AIM OF THE TASK:
Exactly as written, transcribe the data from its opening line through the line containing "These are the". Leave every picture out.
GIVEN DATA: Begin
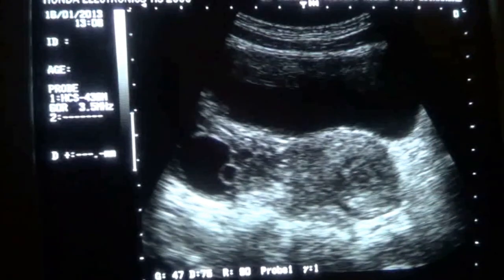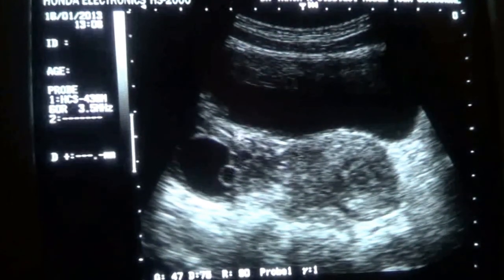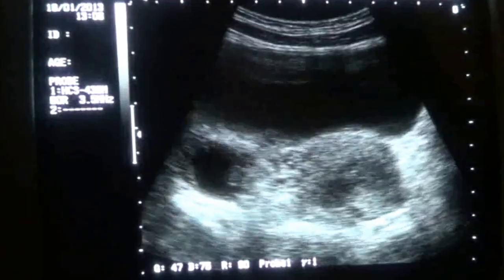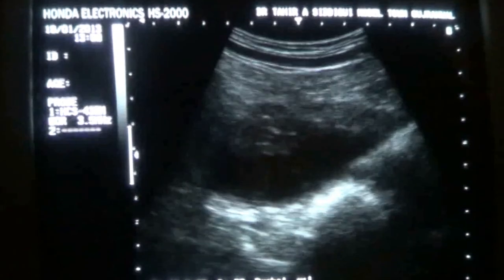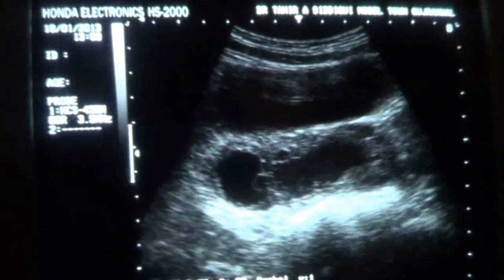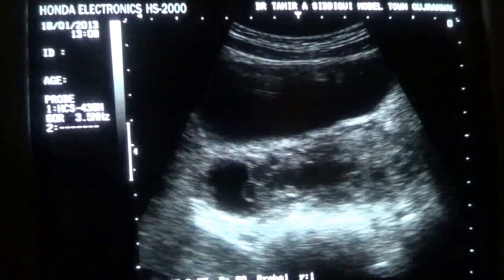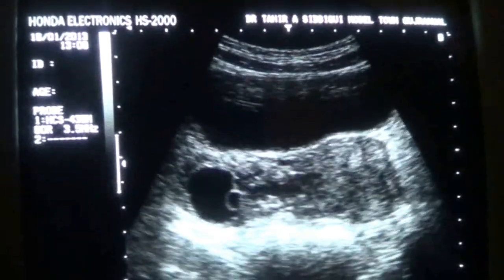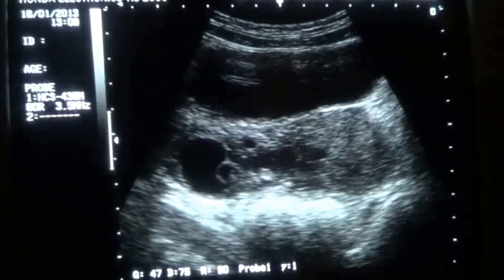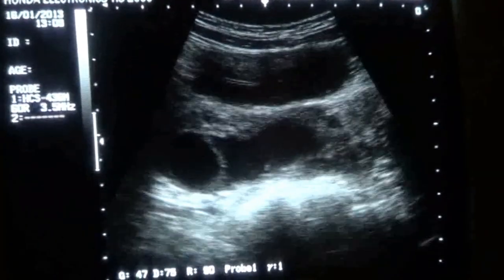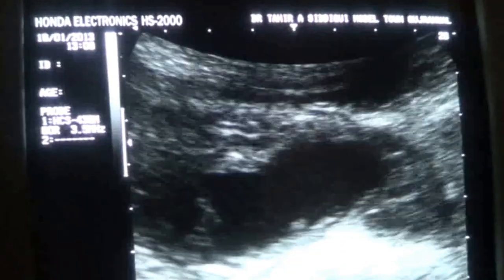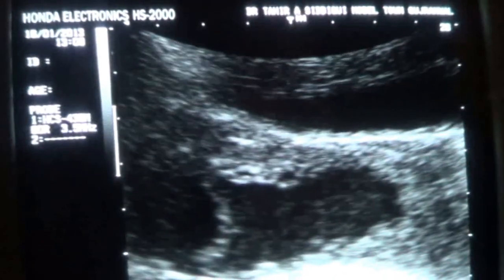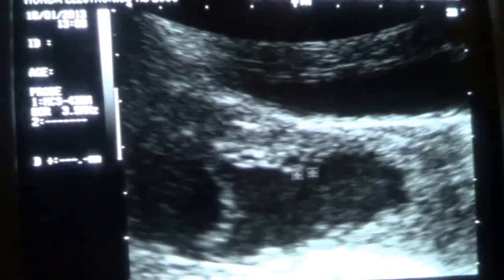This area is suggestive of a yolk sac and this is suggestive of a gestational sac. So this is a case of unruptured ectopic pregnancy — the tube has not ruptured. This is an unruptured ectopic gestational sac in the right dilated fallopian tube, which is filled with echoes representing blood. The echoes are very clearly seen within this dilated fallopian tube.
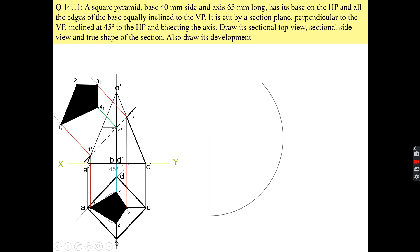On the other hand, line AD is parallel to the XY line in the front view, meaning it is parallel to the horizontal plane. In the horizontal plane you are getting the top view of that line AD, and it is showing you the true shape of the base of the pyramid. So you will measure the width of the base from the top view. It is also given in the question.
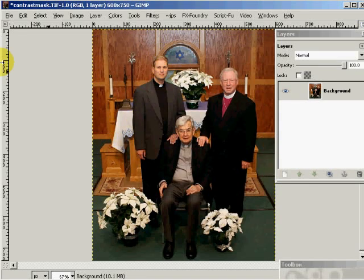Welcome to another Photolink video on GIMP. This one we're going to cover the contrast mask.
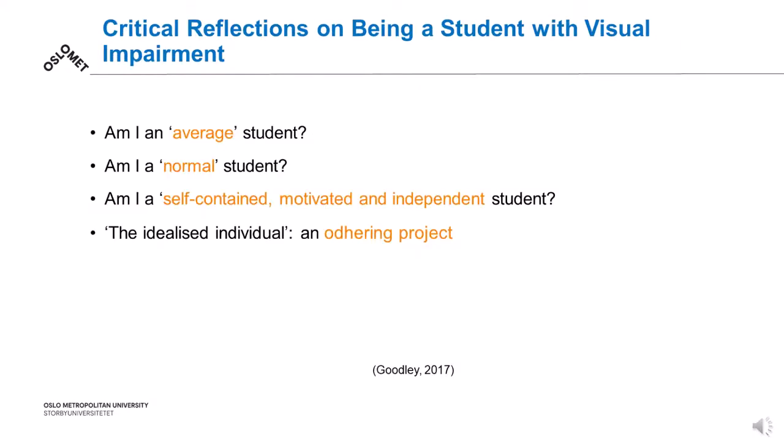These are the critical reflections of being a student with visual impairment. Am I an average student, a normal student, a self-contained student, a student who is independent, initiative-taking, motivated, energetic, cognitively always stable? All of these are idealized constructs.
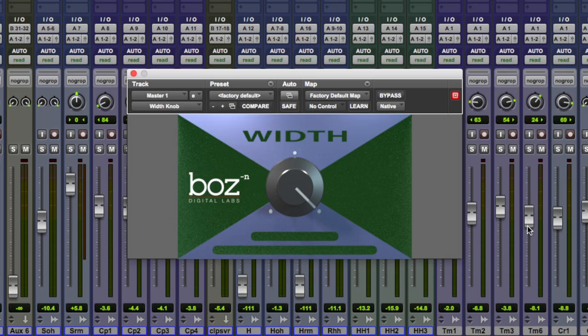Hi guys, Dan Cooper here from Pro Tools Expert and in this video I'm going to be showing you the new Bozz Digital Labs free plugin. This is called the Width knob and this joins Bozz Digital Labs other free plugins, those being the Bark of Dog and the Panipulator.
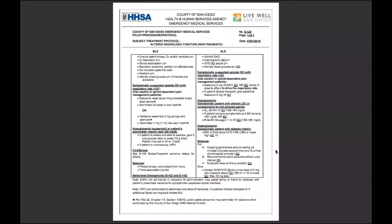Welcome everybody to the next in the protocol video series. We've got S123 for you today — this is altered neurologic function from a non-traumatic origin. This is adult BLS protocols, quite a few to get through, let's get started.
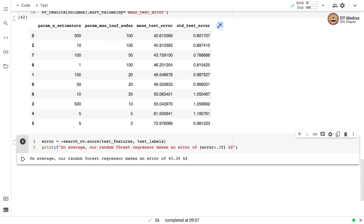Next, we calculate the error on the test set. On average, the Random Forest Regressor obtained via RandomizedSearchCV makes an error of 40.30k on the test set. In this video, we studied how to apply bagging techniques for a regression problem. We applied Decision Tree, Bagging Regressor, and Random Forest Regressor on the California Housing dataset, used the Decision Tree as a baseline, and demonstrated that bagging and random forest reduce overfitting. We also demonstrated how to perform randomized search for the best parameters for Random Forest Regressor.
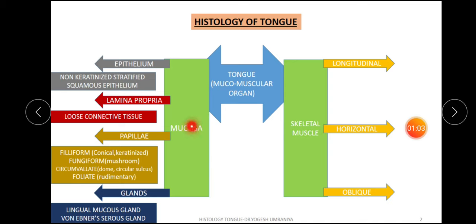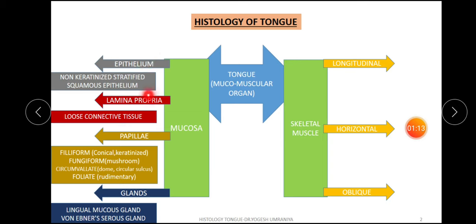The mucosa has four subdivisions. First is the epithelium. Second, underlying the epithelium, is the lamina propria. Third is the papillae. And fourth are the glands. We will first discuss the epithelium.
GIVEN DATA: End
COMPLETED TASK:
This area is suggestive of a yolk sac and this is suggestive of a gestational sac. So this is a case of unruptured ectopic pregnancy — the tube has not ruptured. This is an unruptured ectopic gestational sac in the right dilated fallopian tube, which is filled with echoes representing blood. The echoes are very clearly seen within this dilated fallopian tube.
On the other hand, line AD is parallel to the XY line in the front view, meaning it is parallel to the horizontal plane. In the horizontal plane you are getting the top view of that line AD, and it is showing you the true shape of the base of the pyramid. So you will measure the width of the base from the top view. It is also given in the question.
Welcome to another Photolink video on GIMP. This one we're going to cover the contrast mask.
These are the critical reflections of being a student with visual impairment. Am I an average student, a normal student, a self-contained student, a student who is independent, initiative-taking, motivated, energetic, cognitively always stable? All of these are idealized constructs.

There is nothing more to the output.